Work instruction
Shown below are entries with pictures; the line with "Hra Mermaid Transformation" through the line with "Christmas Social" is the span to retype exactly, and the pictures stay out.

Source material
○ ○ ○ ○ ○

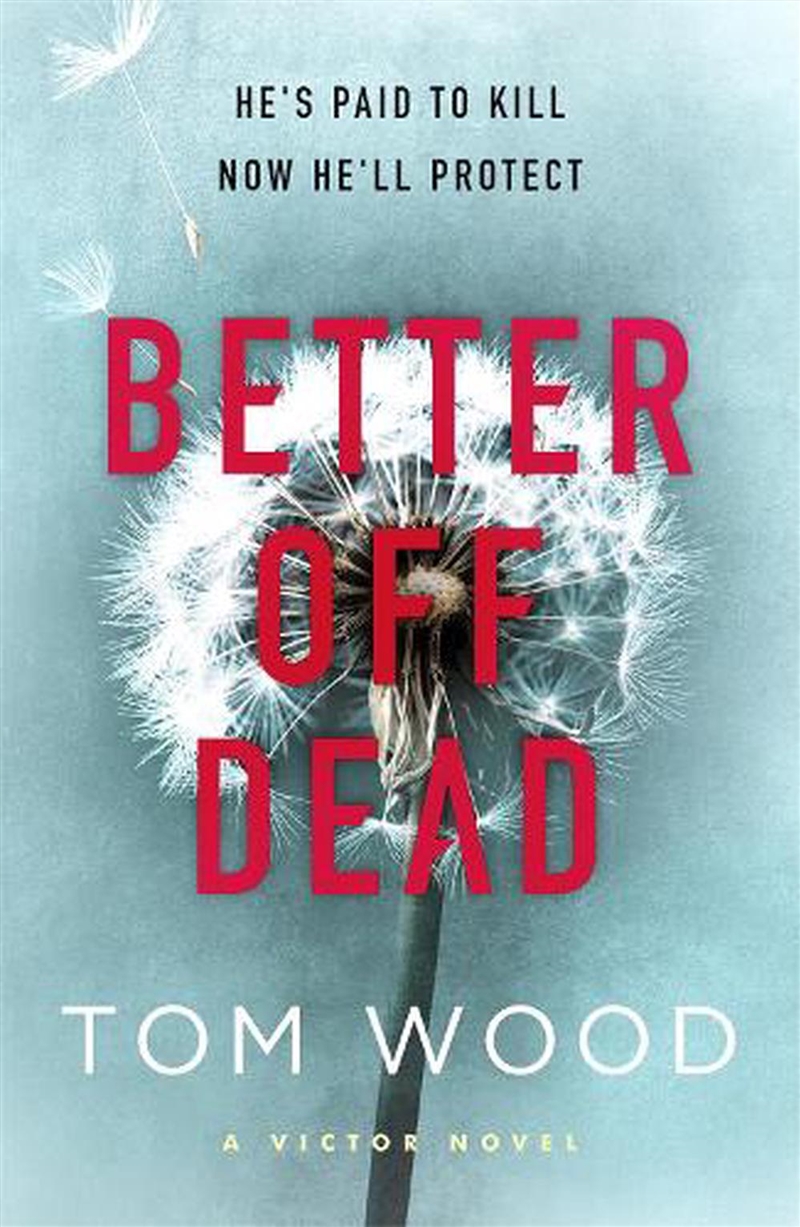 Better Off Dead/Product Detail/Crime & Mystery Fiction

○ ○ ○ ○ ○

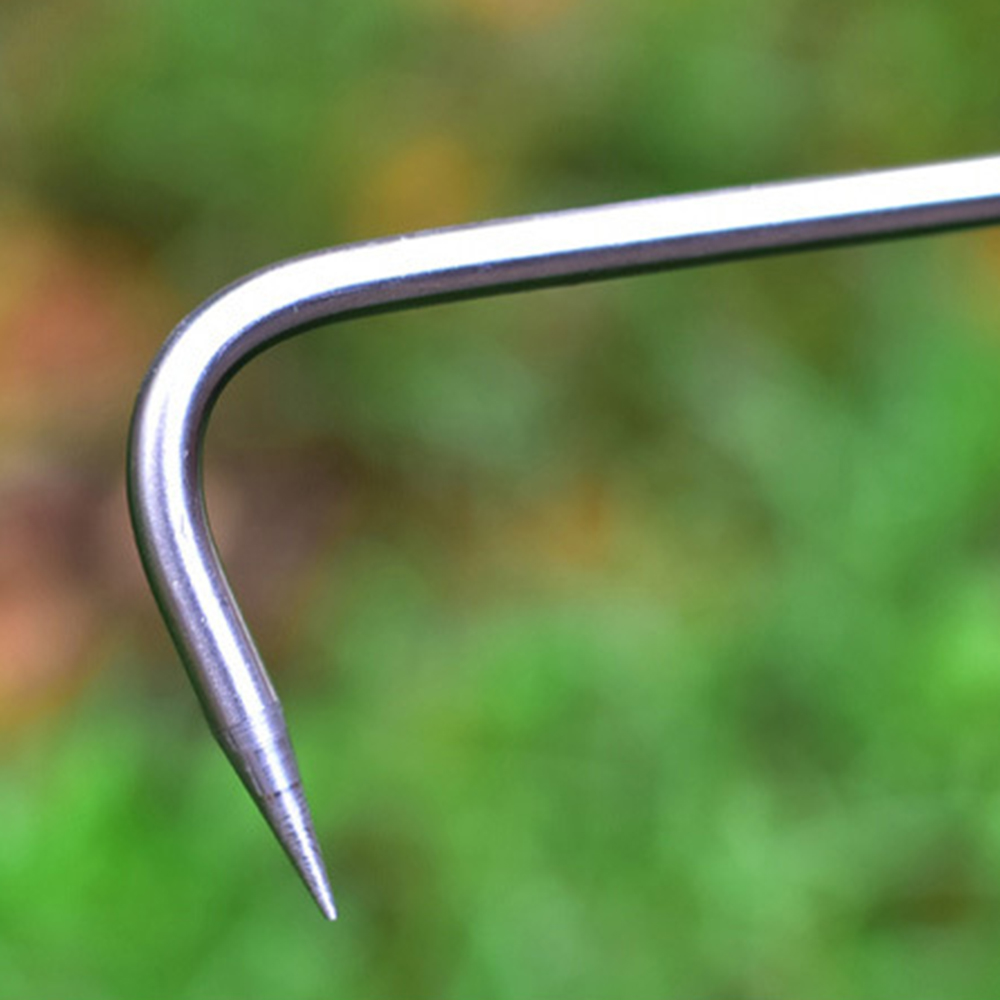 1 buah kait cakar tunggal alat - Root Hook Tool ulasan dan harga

○ ○ ○ ○ ○

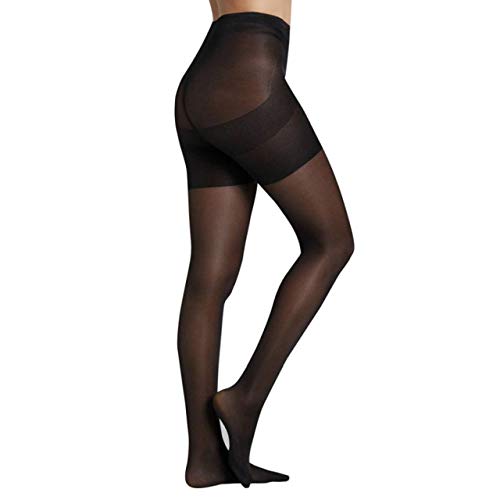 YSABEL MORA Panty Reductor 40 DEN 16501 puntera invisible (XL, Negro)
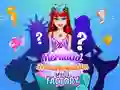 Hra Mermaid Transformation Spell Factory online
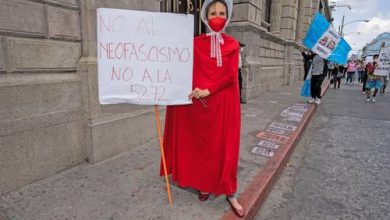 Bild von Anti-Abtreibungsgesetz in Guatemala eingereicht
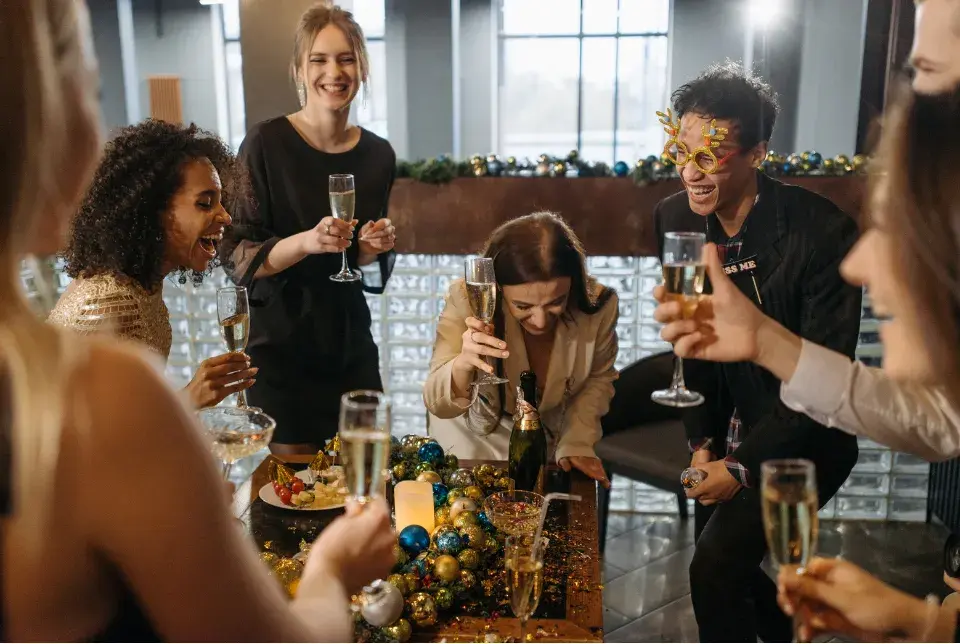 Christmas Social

○ ○ ○ ○ ○

Reply to the exercise
 Hra Mermaid Transformation Spell Factory online
 Bild von Anti-Abtreibungsgesetz in Guatemala eingereicht
 Christmas Social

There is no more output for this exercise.